6月30日に逝かれた日野愿(ひの・すなお)さん(愿さんは、ご自分に先生と敬称を付けないようにおっしゃったのね)の句をアップしようと句集『自家撞着』を探しているのだが。なにしろ書籍他を乱雑に積み上げているので、分からないのね。
川柳界は高齢のかたが多いので、句会でご一緒したかたを最近お見かけしないと思っていたら入院されていたという話も多いのね。そのうち、おられなくなる。人生は、還暦を過ぎるとまさに別れの旅である。たいせつなかたとの別れが続く。わたしには、そのかたとの思い出を一行詩に刻むことくらいしかできない。『たむらあきこ千句』に句評を載せさせていただいてよいかというわたしの依頼を、愿さんは「光栄(や?)」ということばで喜んでくださったのね。
書きかけの当ブログをみて電話をくださったのは、やはり愿さんを慕っておられたかたである。愿さんほどのかたなので、遺句集をだそうかなどという話が当然もち上がったのだろう。ところが愿さんは、関係の柳誌などすべてご自分で処分して逝かれたというのである。なにも遺っていないのだと。

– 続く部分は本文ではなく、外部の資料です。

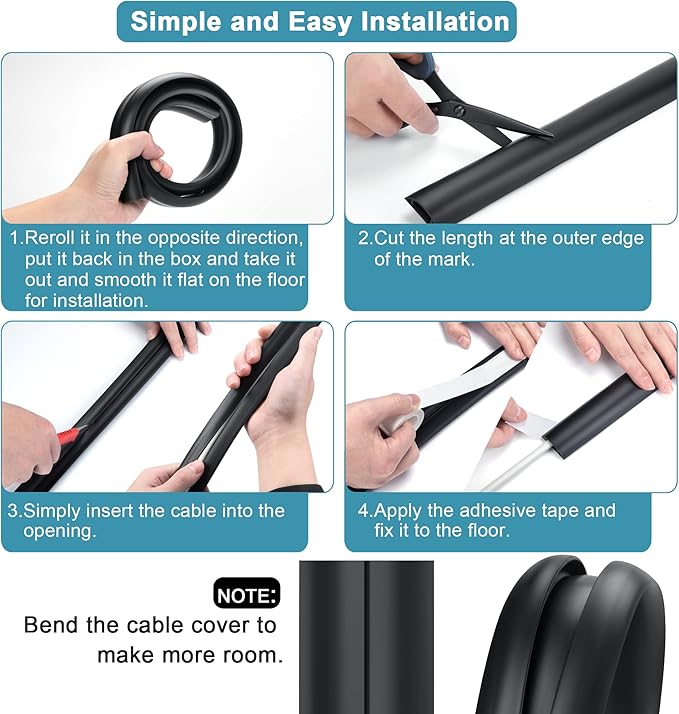 Floor Cable Cover 3ft Grey, LZEOY Cord Covers for Wires on Floor, Cord Hider Floor Cable Management, Extension Cord Floor Cover Low Profile, Floor Cord Cover for Office/Carpet/Floor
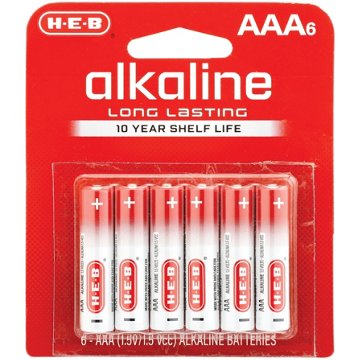H-E-B Alkaline AAA Batteries, 6 pk
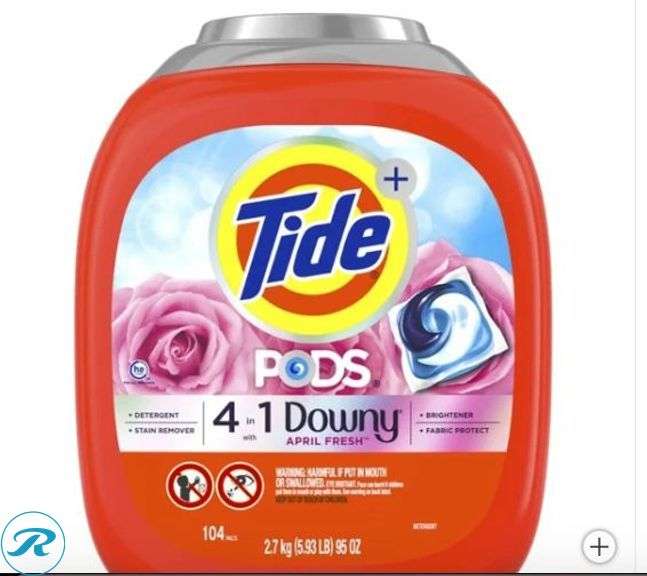 (2)Tide Pods with Ultra Oxi Laundry Detergent Pods, 104-count- Like New/ Opened/ Some Missing; Tide Pods with Downi April Fresh Laundry Detergent Pods, 104-count- Like New/ Open/ Some Missing - Roller Auctions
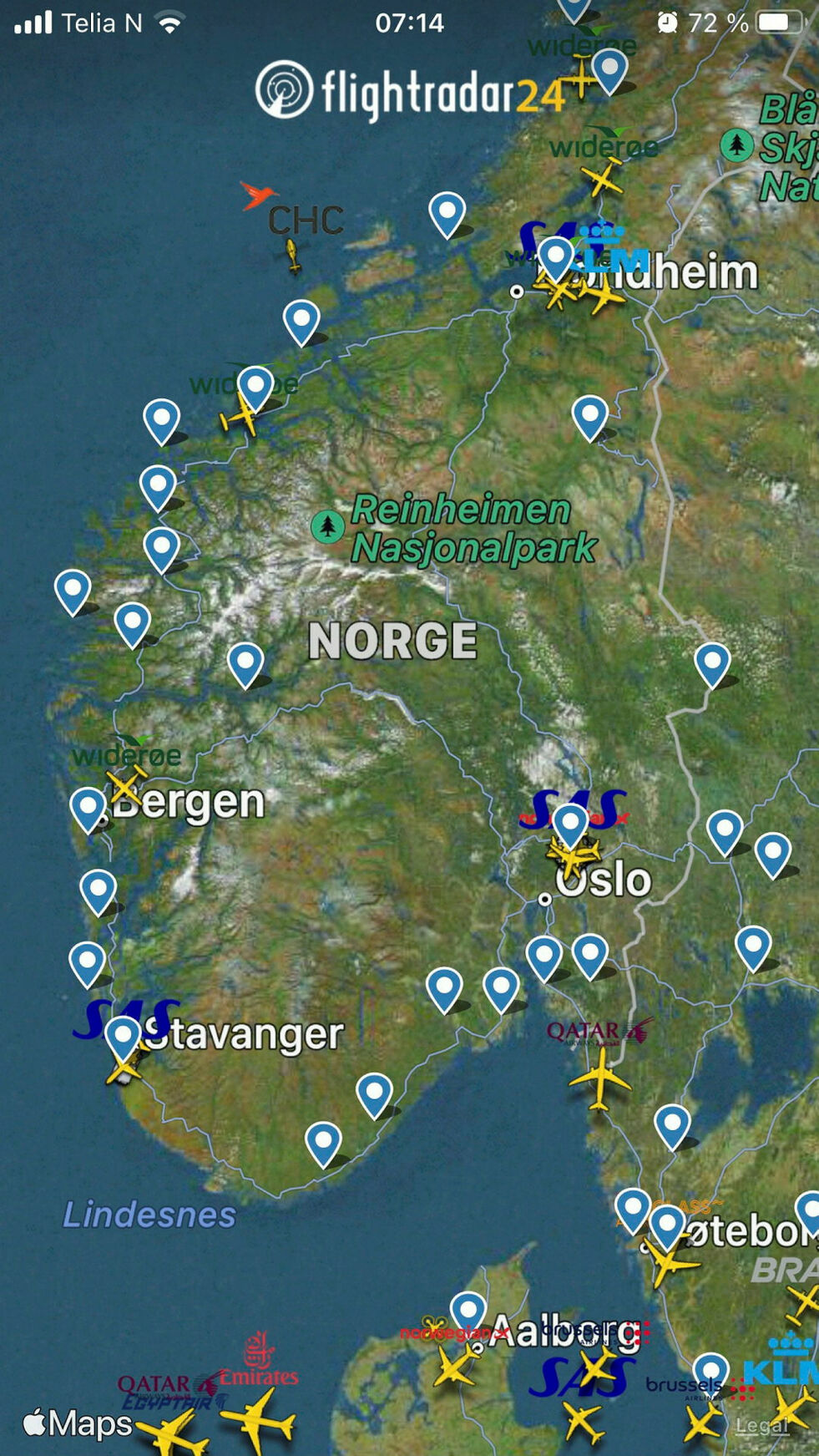Slik så luftrommet i Sør-Norge ut få minutter etter at det ble stengt. Quatar Airways fly fra Doha til Oslo måtte stoppe ferden over Trollhättan i Sverige for å avvente situasjonen..
 Foto: Skjermdump Flightradar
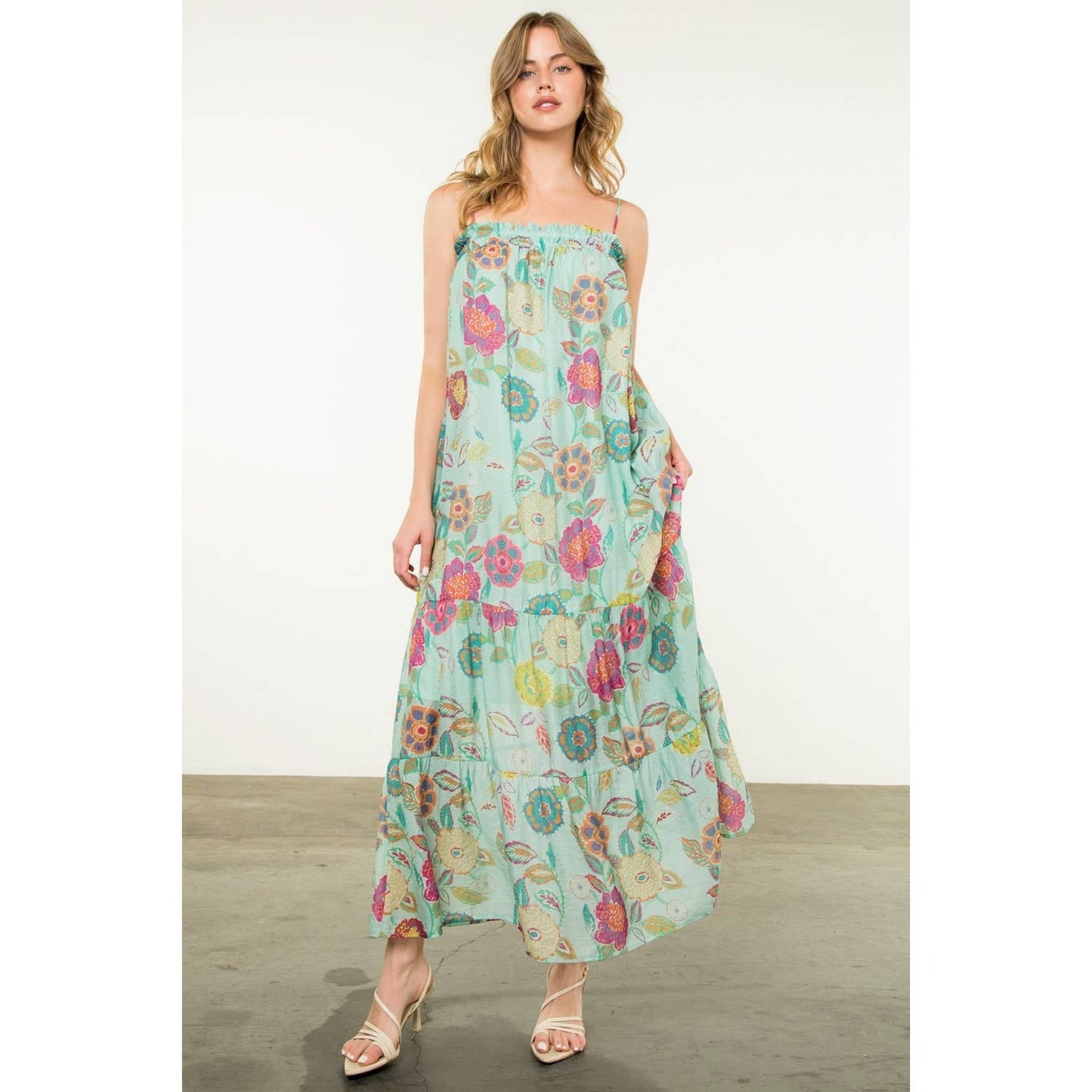 Ansley Strap Tie Floral Maxi Dress: MINT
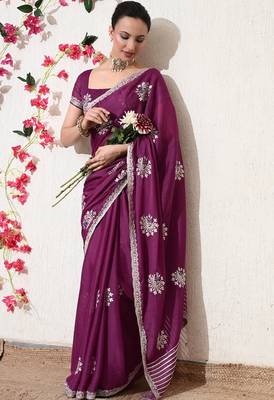 Women's magenta embellished georgette saree with unstitched blouse piece 2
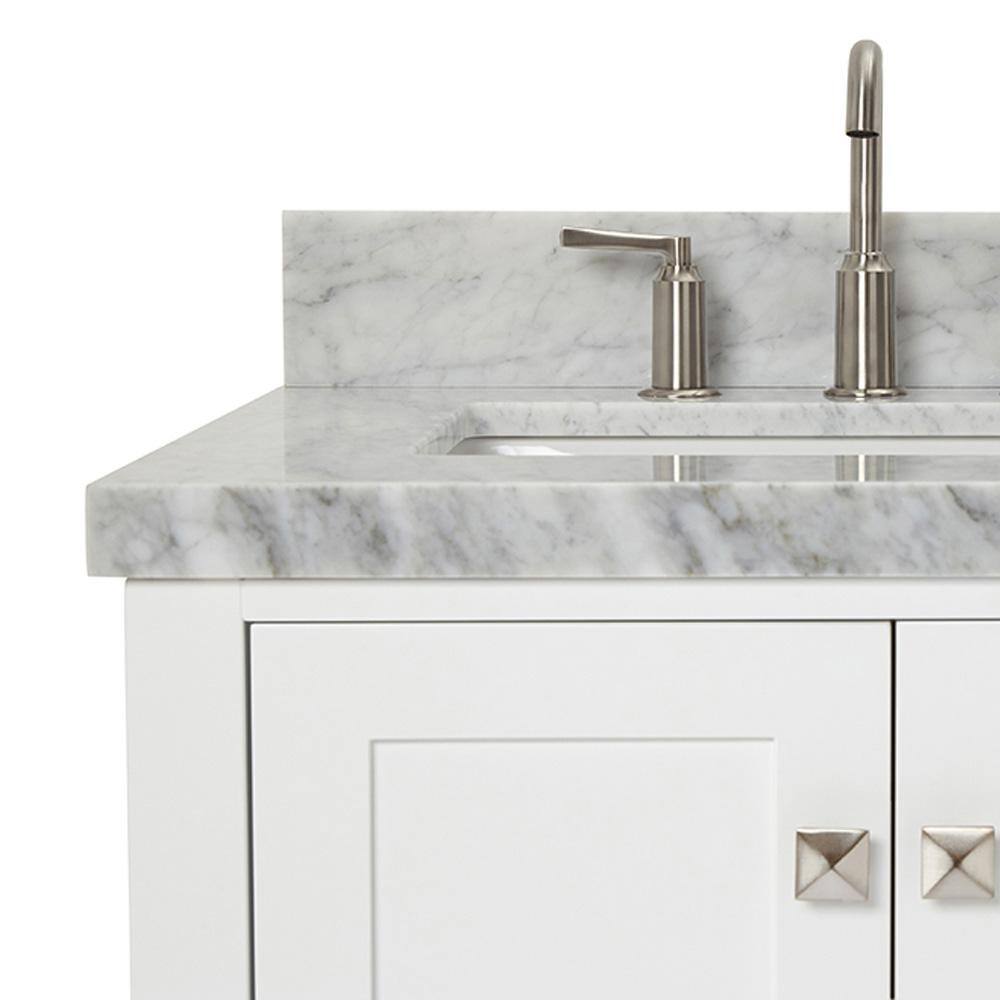 Cambridge White Marble Top Single Sink Bathroom Vanity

死に方は生き方である。このあとふかい感慨がわたしをとらえて離さなかった。そういう話をお聞きしたことで、愿さんのこころに触れた気がした。しかし、やはり遺句集はだすべきだと思うのである。なぐさめは、すでに上記の一冊は出版しておられること。とまれ、このブログに句は載せます。まず自宅にある柳誌から拾えるだけ拾おうと思っているのですが、関係の柳誌をお持ちのかたは教えてくださいね。
しかし、どこへ行かれたのだろう、愿さんは。そちらで柳友のみなさまや咲二先生ともお会いされましたか。「ほんまにあきこは困ったやつじゃ。おれが『句集はださん』と言うといたのに、だしよった」と咲二先生はおっしゃっていませんでしたか。咲二先生も、ご親友の幹斉さんたちと楽しそうに話しておられましたか。サムライたちよ。